An acceptable answer repeats exactly the line containing "Denon DVD-Player DVD-A1UD-B, Frontansicht" and all lines that follow it in the listing below, and it includes no pictures.

(Beginning of RECORDS FOR THE TASK)

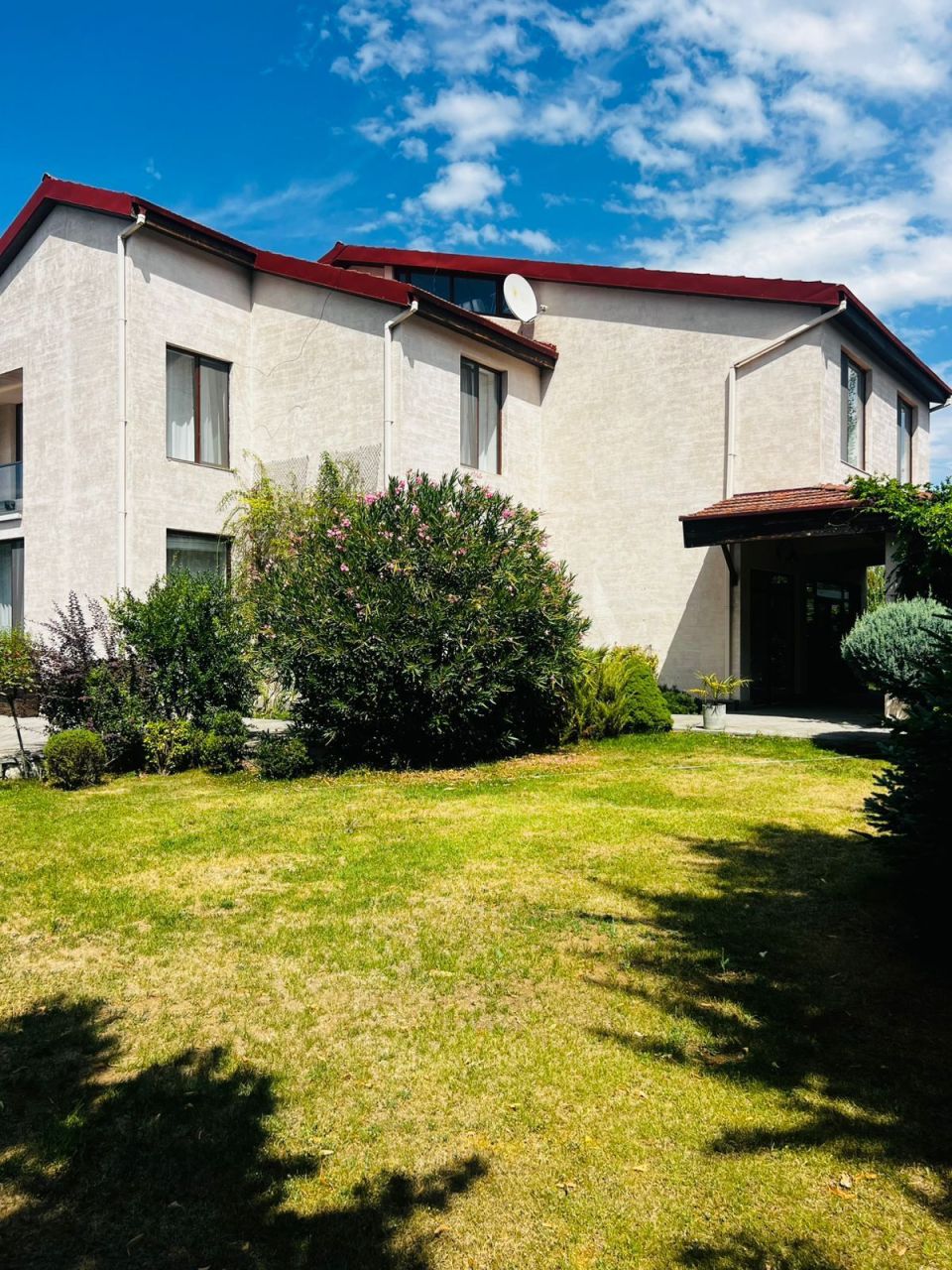 Дом в Тбилиси, Грузия, 500 м² - фото 1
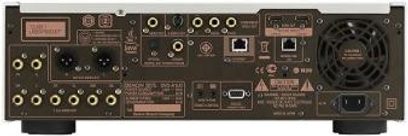 Denon DVD-Player DVD-A1UD-B, Frontansicht mit mehreren Anschlüssen, Tasten und LED-Display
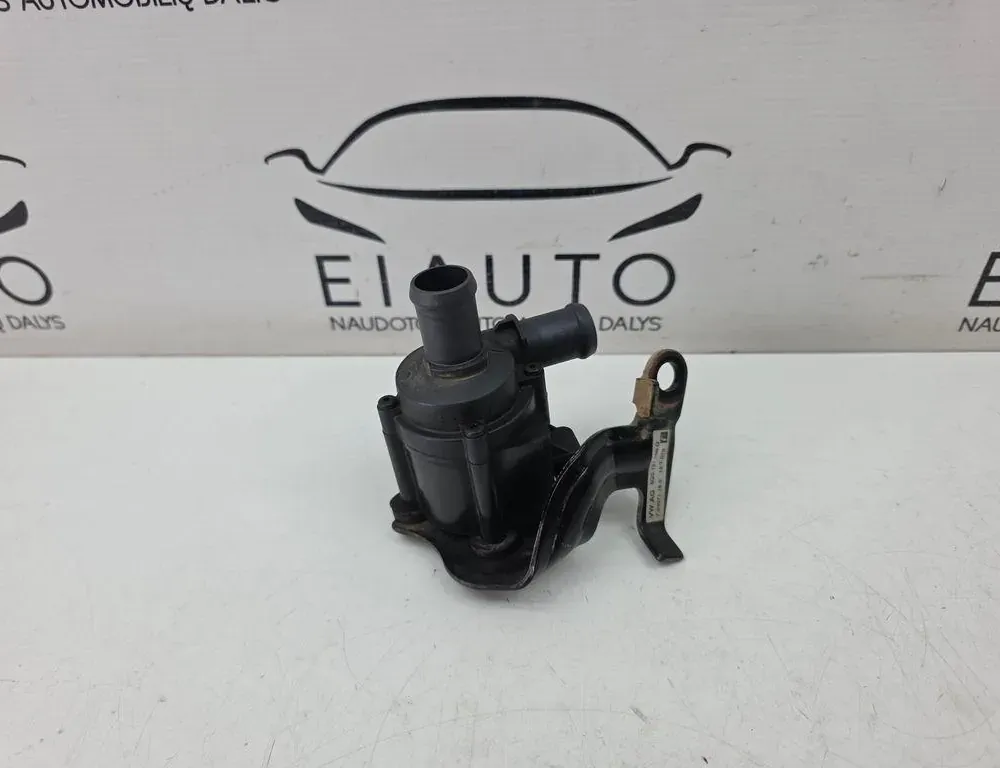 VOLKSWAGEN Passat B7 (2010-2015) Moteur à eau de circulation 5Q0965561B 33949041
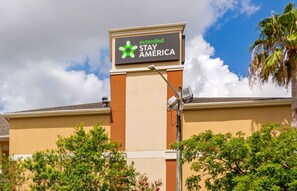 Exterior - Extended Stay America Suites Ft Lauderdale Cyp Crk Andrews A (Oakland Park)
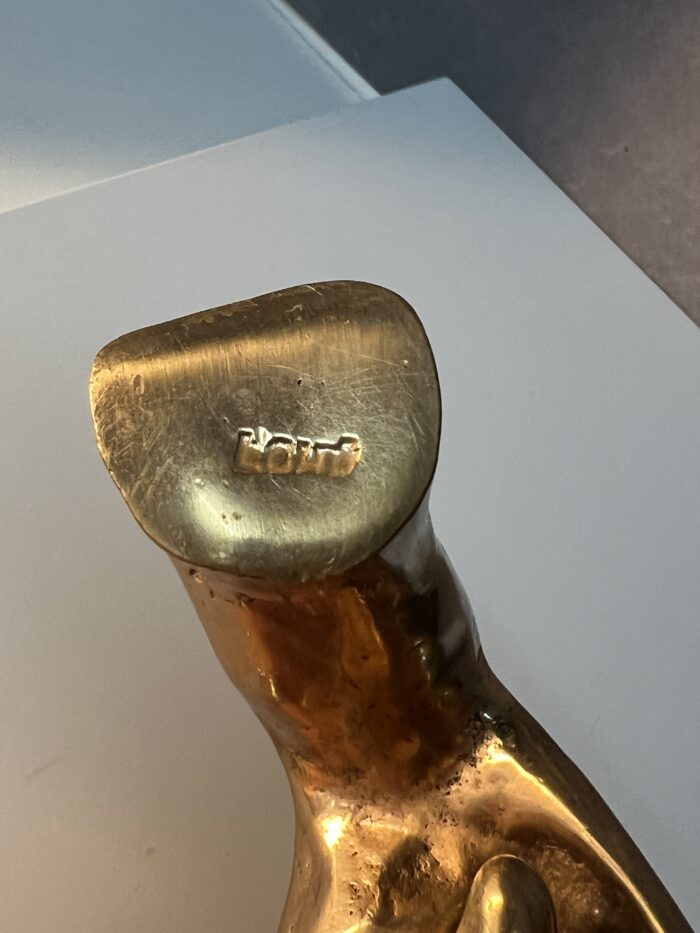 Poignée de main en bronze doré, signé de Yves Lohé, longueur 20.5 cm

(End of RECORDS FOR THE TASK)

• [RESULT OF THIS EXERCISE]:
 Denon DVD-Player DVD-A1UD-B, Frontansicht mit mehreren Anschlüssen, Tasten und LED-Display
 VOLKSWAGEN Passat B7 (2010-2015) Moteur à eau de circulation 5Q0965561B 33949041
 Exterior - Extended Stay America Suites Ft Lauderdale Cyp Crk Andrews A (Oakland Park)
 Poignée de main en bronze doré, signé de Yves Lohé, longueur 20.5 cm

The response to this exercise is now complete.